Would you output all the lines below precisely as they stand, leaving each picture out?

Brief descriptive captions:

┏━━

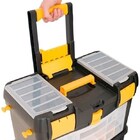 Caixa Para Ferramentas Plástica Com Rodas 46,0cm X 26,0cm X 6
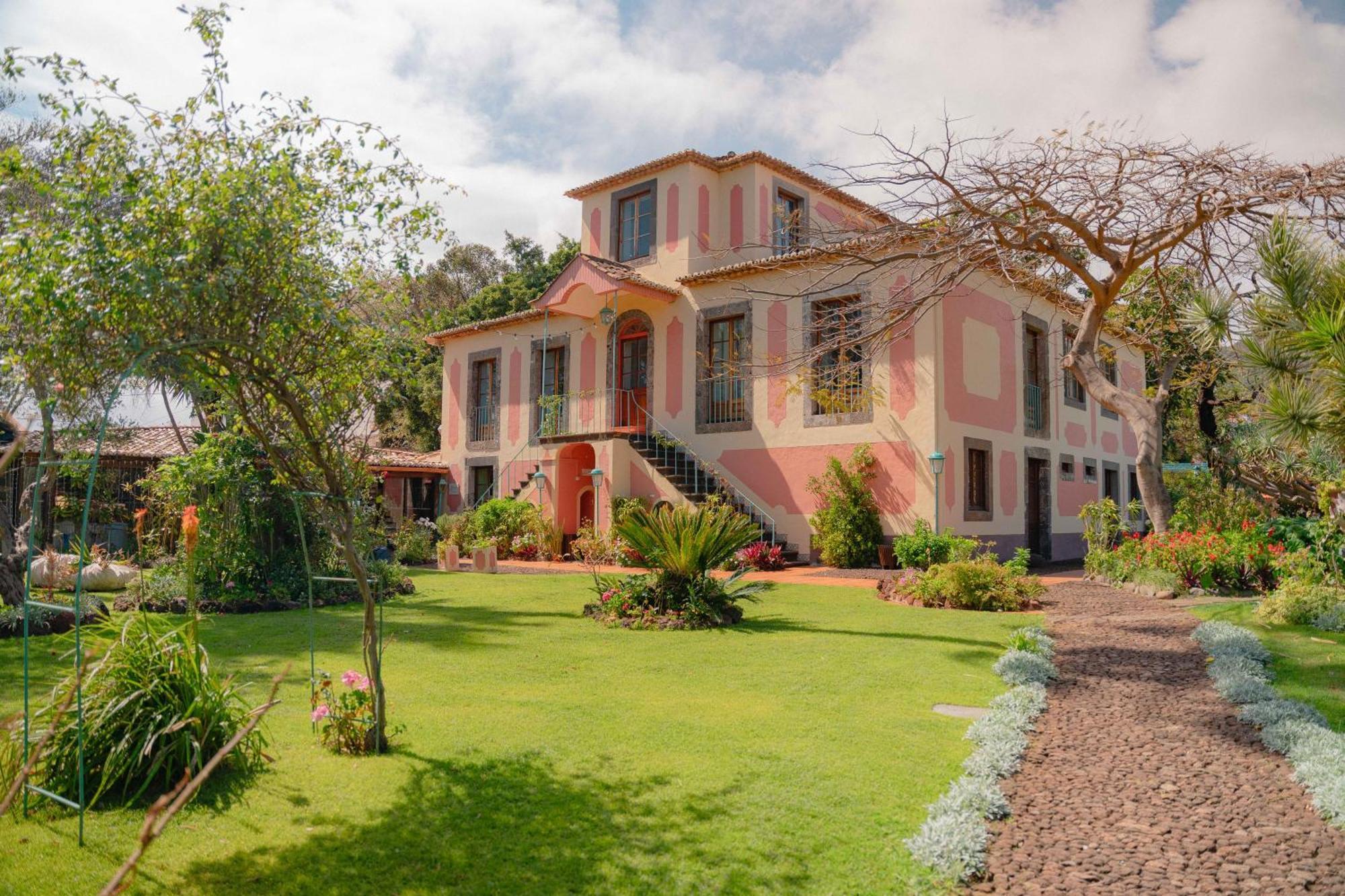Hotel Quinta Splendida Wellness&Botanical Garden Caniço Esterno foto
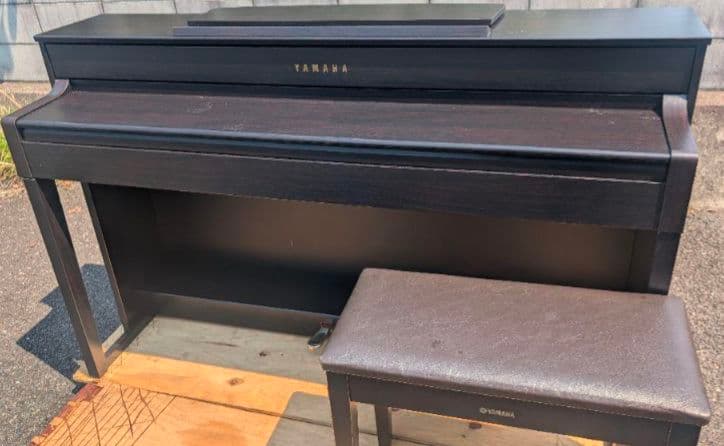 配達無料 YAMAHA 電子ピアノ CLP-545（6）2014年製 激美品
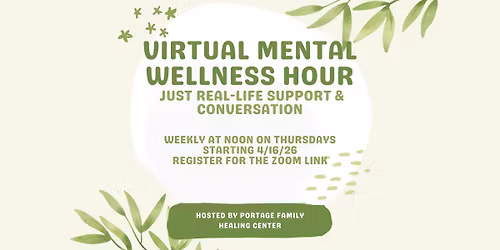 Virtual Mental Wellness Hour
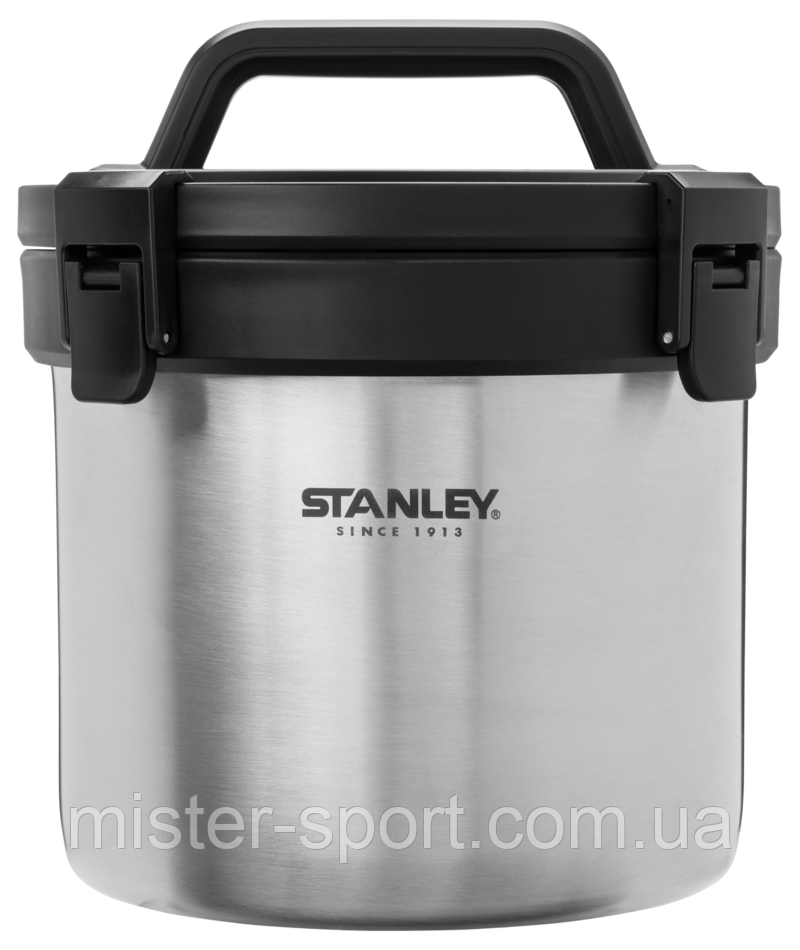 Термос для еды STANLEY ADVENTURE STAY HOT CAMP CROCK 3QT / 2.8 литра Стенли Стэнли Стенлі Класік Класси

┗━━

Answer space:
 Caixa Para Ferramentas Plástica Com Rodas 46,0cm X 26,0cm X 6
Hotel Quinta Splendida Wellness&Botanical Garden Caniço Esterno foto
 配達無料 YAMAHA 電子ピアノ CLP-545（6）2014年製 激美品
 Virtual Mental Wellness Hour
 Термос для еды STANLEY ADVENTURE STAY HOT CAMP CROCK 3QT / 2.8 литра Стенли Стэнли Стенлі Класік Класси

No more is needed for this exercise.